At such a time a system of government conceived in perfect wisdom, and adopted with deliberation, was not expected; and as soon as those common principles which supplied its defects, ceased to operate, the inconveniences which arose from them, were very sensibly felt.

Since that time the seeds of civil dissention have been gradually ripening, and political confusion hath pervaded the States.

Commerce hath been declining, our credit suffering, and our respectability, as a nation, hath almost vanished.

In such circumstances it was thought proper to collect the patriotic wisdom of the States for the purpose of amending the articles of confederation, which were found to be inadequate to the security of national prosperity and happiness; and of making such additions to supreme power, as our situation testified, were wanted.


Necessity, therefore, gave birth to the Convention, and the glaring defects of the late system of confederation, were the objects of its amendment.

But was it a total subversion of the confederation, that was intended by Congress or expected by the people?

Any one tolerably acquainted with human nature, can easily discern, that people involved in difficulty, would embrace any change, even if it were evidently and designedly for the worse.

But this circumstance ought not to preclude examination.


Did we experience any disadvantage from every part of the present confederation?

And why alter that which experience itself hath taught us to be good?

Was it not expected that some necessary additions to the powers of Congress, together with a few alterations of a smaller nature would constitute the whole of their business?

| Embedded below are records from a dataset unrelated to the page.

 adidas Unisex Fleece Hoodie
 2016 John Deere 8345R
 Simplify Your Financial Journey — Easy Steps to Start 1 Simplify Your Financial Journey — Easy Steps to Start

To frame a Constitution entirely new therefore was out of their province.

This is not offered as an argument against the Constitution itself, but it would certainly have been wisdom to have reserved that which was known to be good, and to have amended that only which was found defective from experience.


But notwithstanding that, if the proposed constitution can be made [to] appear to be excellent in itself, and properly adapted to secure inviolably the rights and privileges of the people; it is the part of every honest man to wish its establishment.

But that upon examination it will be found to be otherwise, I am fully persuaded.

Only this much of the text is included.